In the data below, find the line with "Ladies Rio 2 piece Shirt and Skirt." and the line with "Renovated Cozy Bedroom", then restate both and every line between them exactly, minus the pictures.

BEGIN DATA SECTION

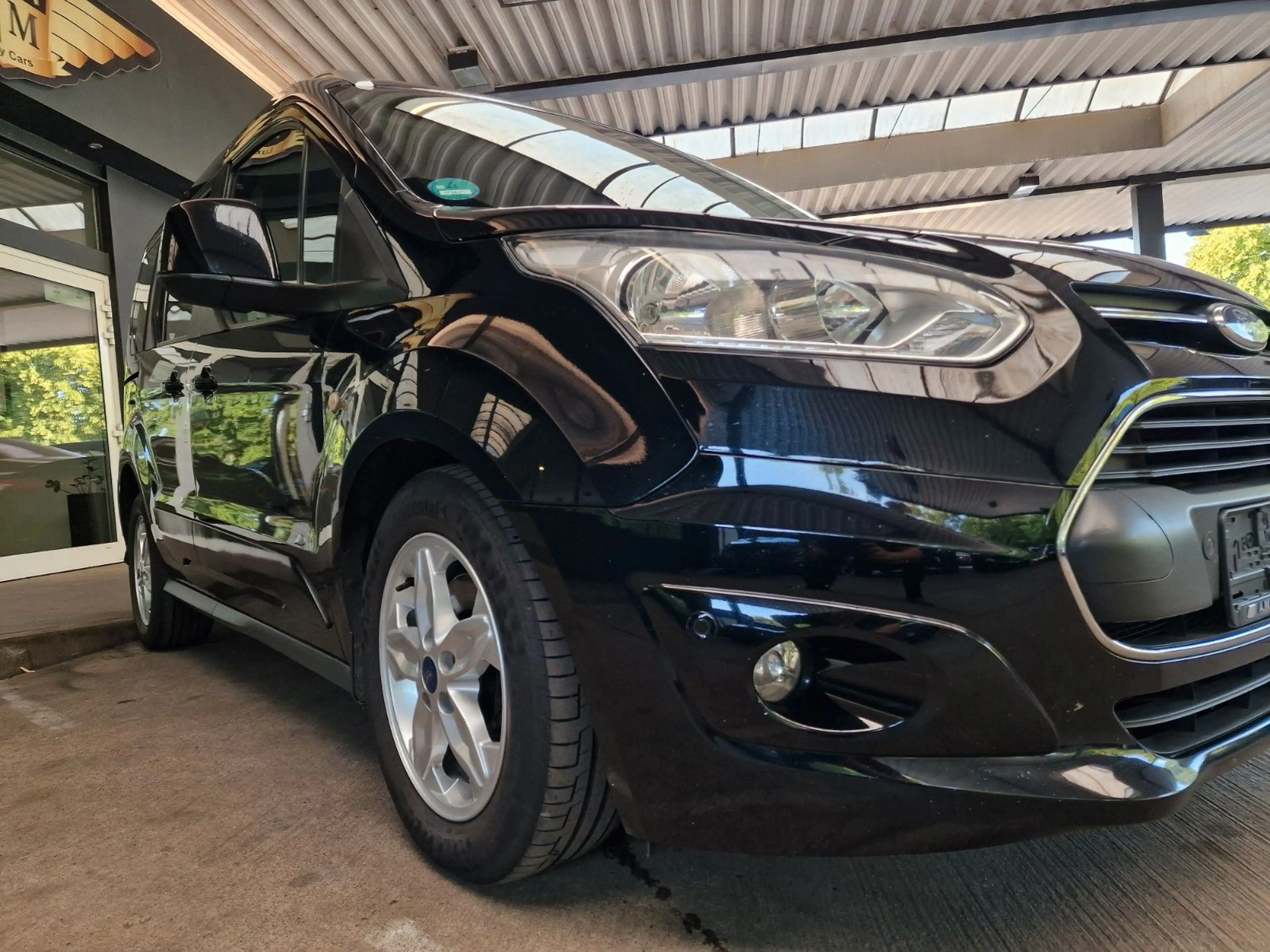 Ford Tourneo 1.5 Connect Titanium Navi/Park/Kamera — photo 9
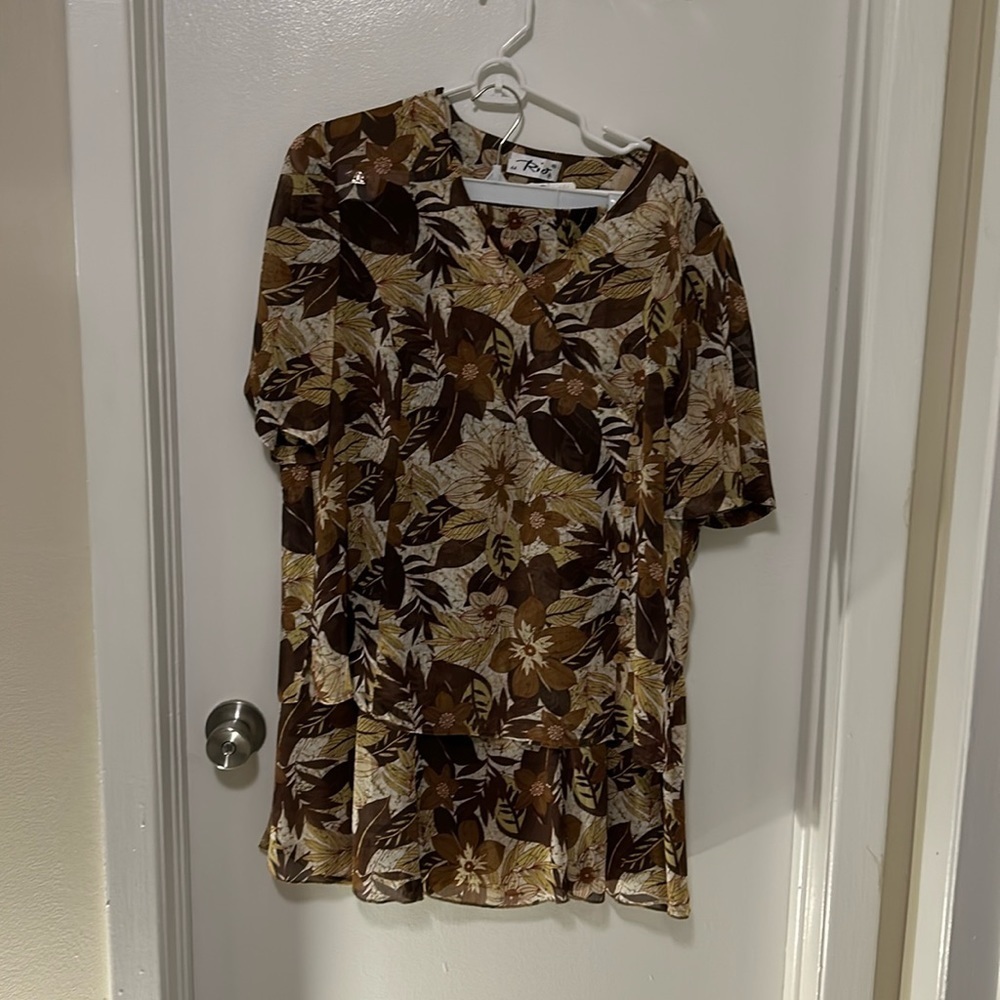 Ladies Rio 2 piece Shirt and Skirt.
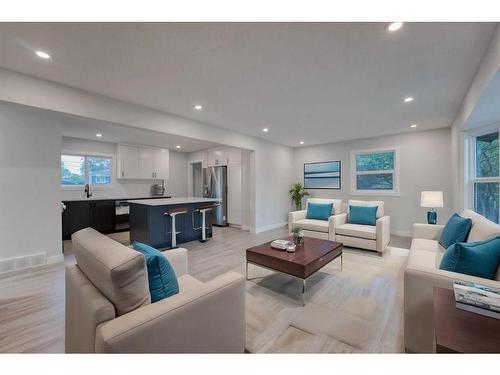 63 Fenton Road Se, Calgary, AB - Indoor Photo Showing Living Room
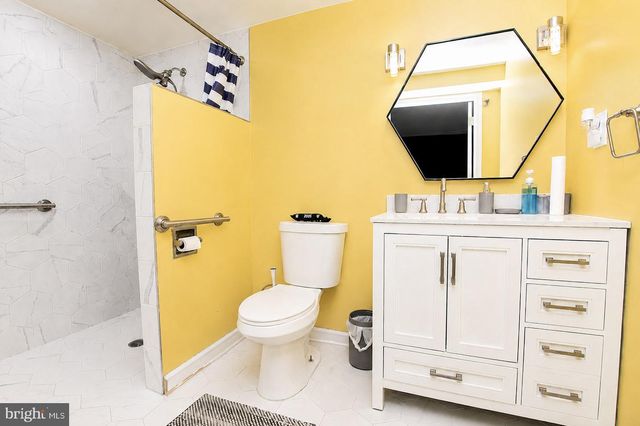 422 SAWGRASS, Charles Town, WV 25414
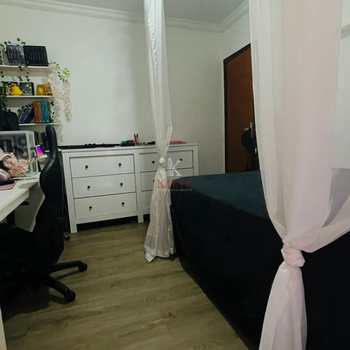 Apartamento em Praia Grande, bairro Canto do Forte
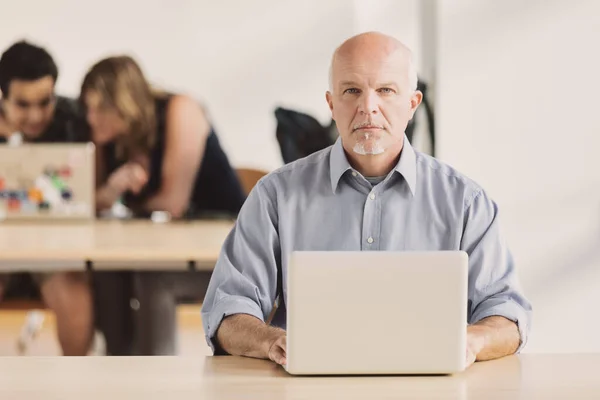 Reife Person Arbeitszimmer Oder Der Bibliothek Schreibt Mit Dem Laptop — Stockfoto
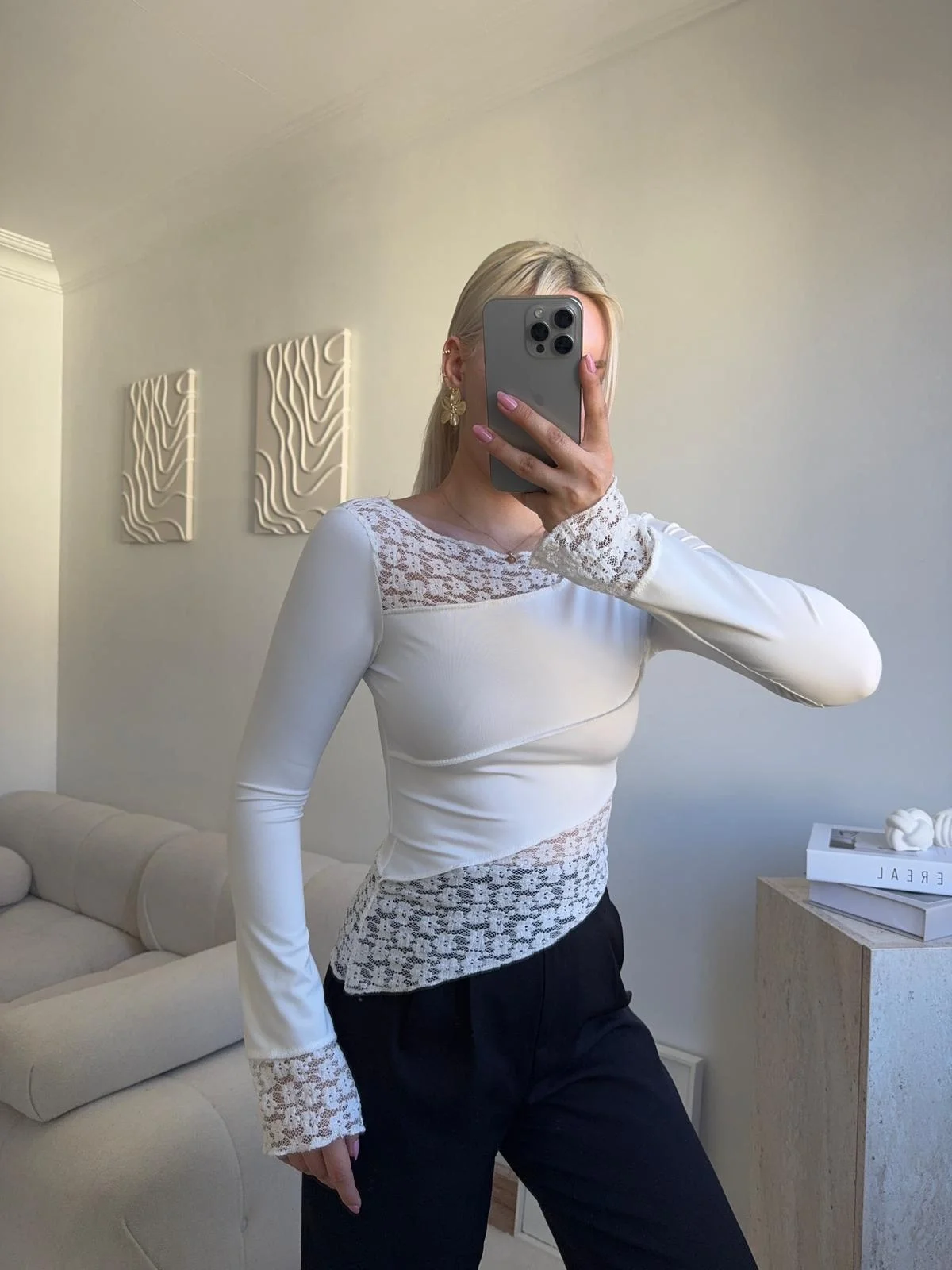 Dantel Şeritli Asimetrik Bluz - BEYAZ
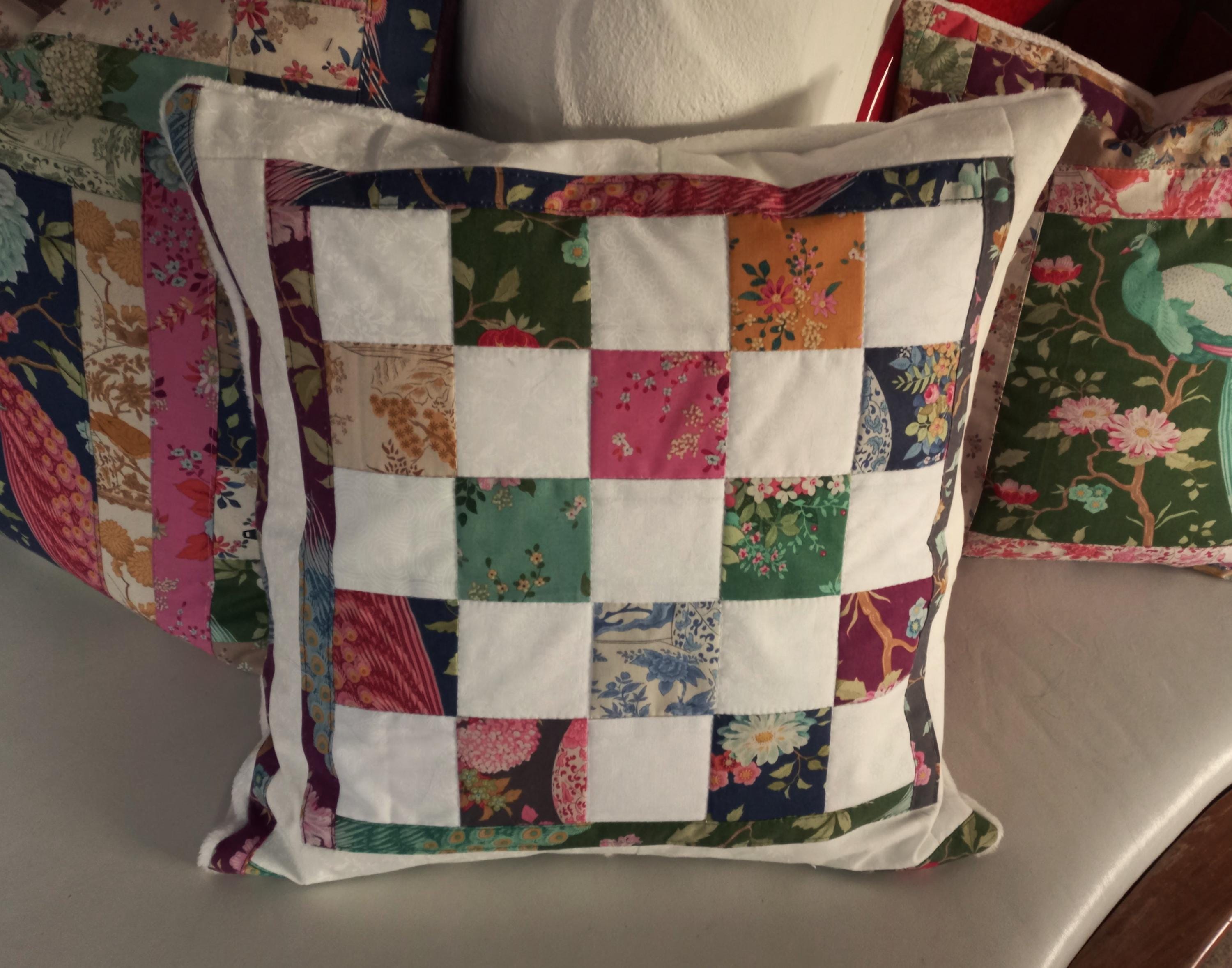 Prague Appliqué Patchwork 17in X 17in Cushion Cover With - Foto 2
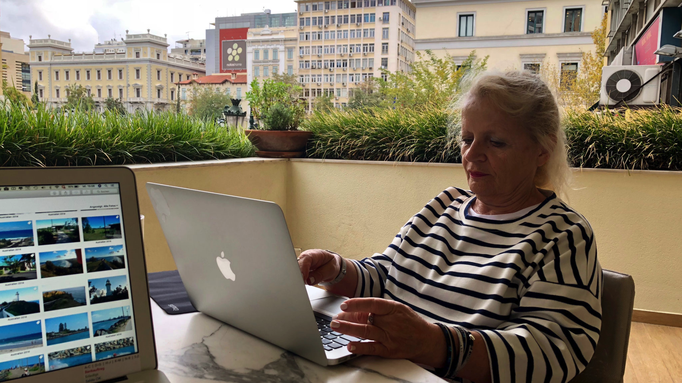 Athen '17 | Boutique-Hotel Pallas Athena: «Administration» auf der Restaurant-Terrasse.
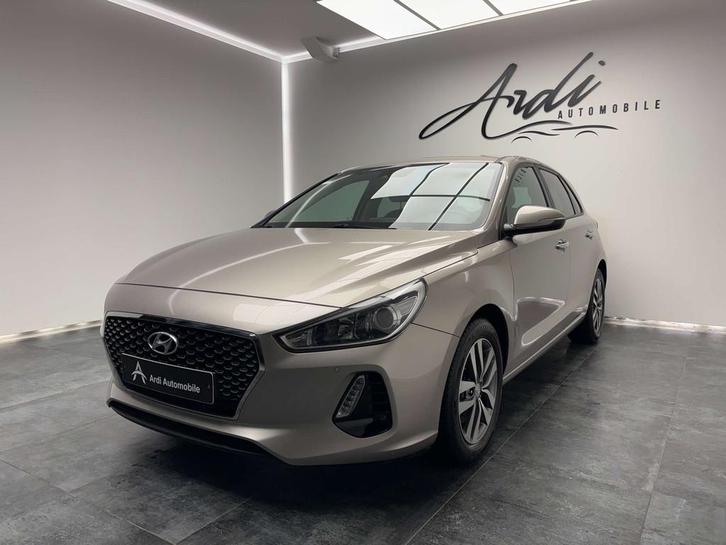 Hyundai i30 1.4 T-GDi *CARPLAY*FRONT ASSIST*CAMERA*GARANTIE*, Autos, Hyundai, Achat, i30, ABS, Caméra de recul, Airbags, Air conditionné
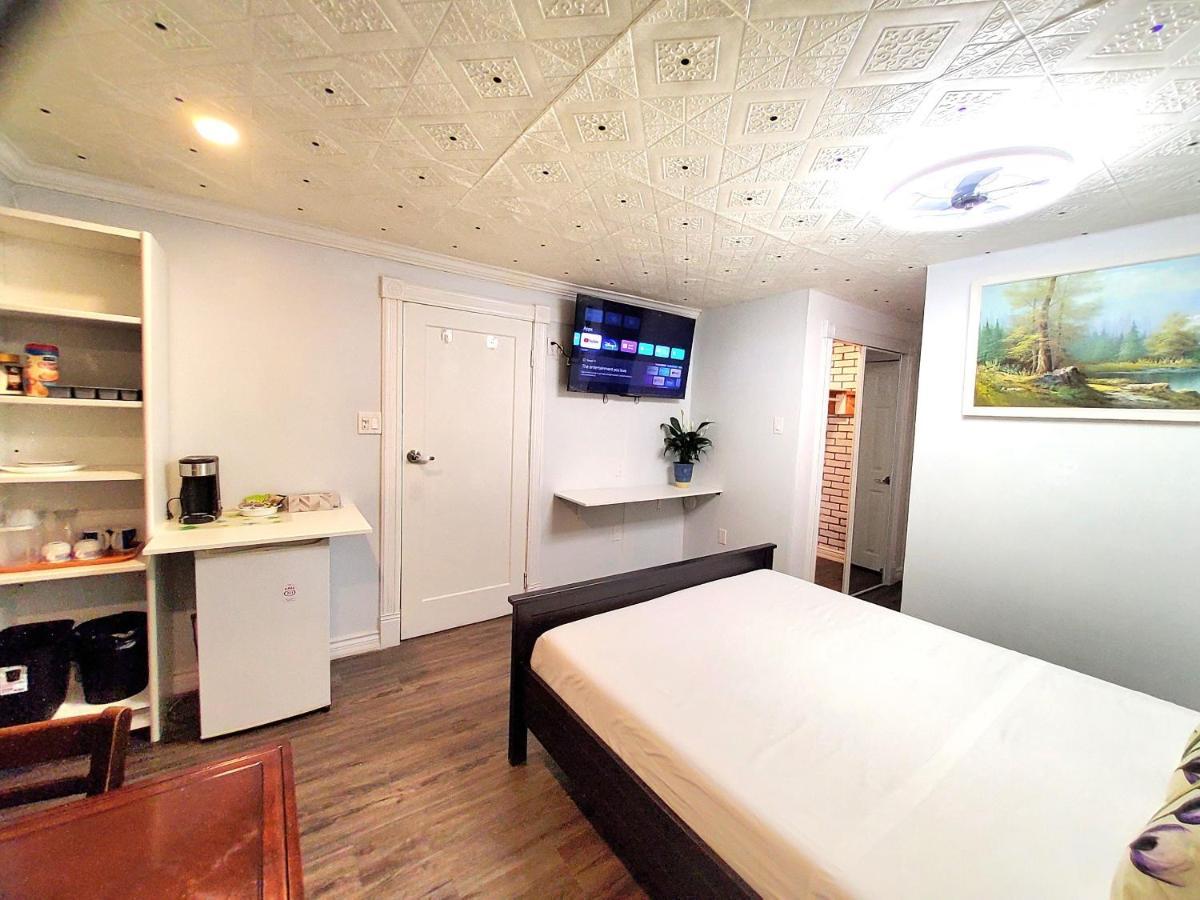 Renovated Cozy Bedroom With Private Washroom Toronto Luaran gambar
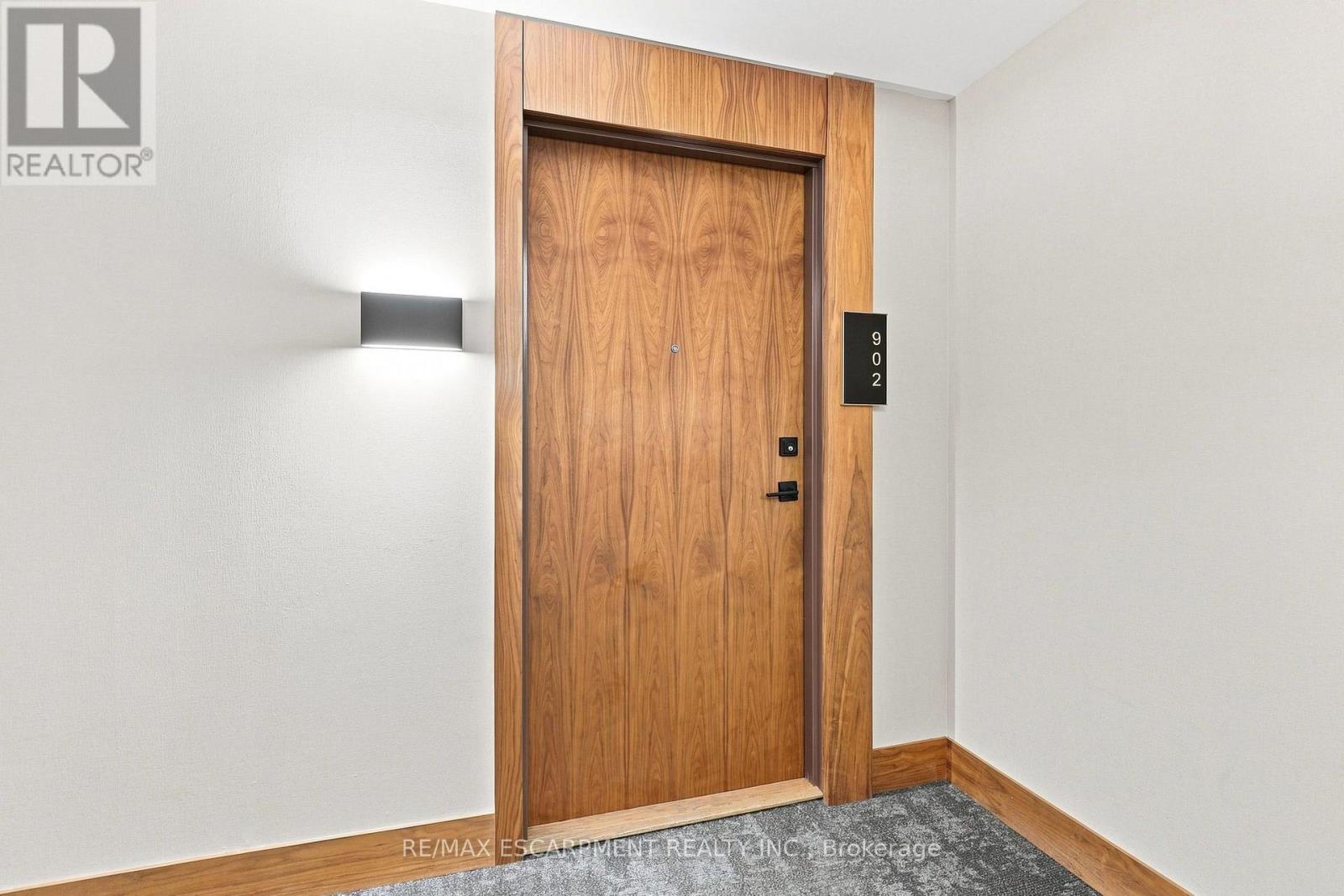 902 - 8 Ann Street, Mississauga, Ontario  L5G 3E6 - Photo 6 - W13659032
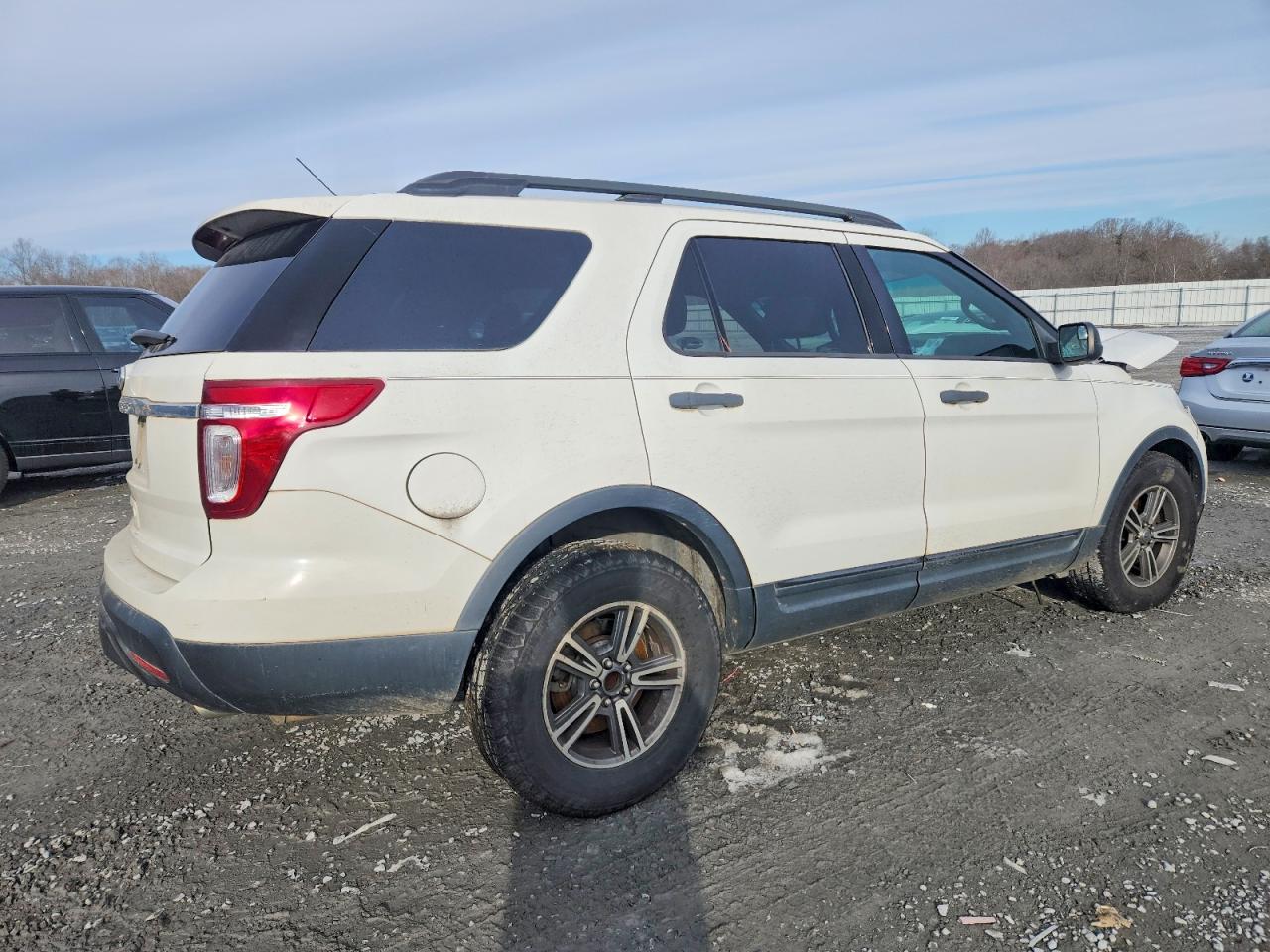 2011 FORD EXPLORER photo 5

END DATA SECTION

■ **YOUR SOLUTION**
 Ladies Rio 2 piece Shirt and Skirt.
 63 Fenton Road Se, Calgary, AB - Indoor Photo Showing Living Room
 422 SAWGRASS, Charles Town, WV 25414
 Apartamento em Praia Grande, bairro Canto do Forte
 Reife Person Arbeitszimmer Oder Der Bibliothek Schreibt Mit Dem Laptop — Stockfoto
 Dantel Şeritli Asimetrik Bluz - BEYAZ
 Prague Appliqué Patchwork 17in X 17in Cushion Cover With - Foto 2
 Athen '17 | Boutique-Hotel Pallas Athena: «Administration» auf der Restaurant-Terrasse.
 Hyundai i30 1.4 T-GDi *CARPLAY*FRONT ASSIST*CAMERA*GARANTIE*, Autos, Hyundai, Achat, i30, ABS, Caméra de recul, Airbags, Air conditionné
 Renovated Cozy Bedroom With Private Washroom Toronto Luaran gambar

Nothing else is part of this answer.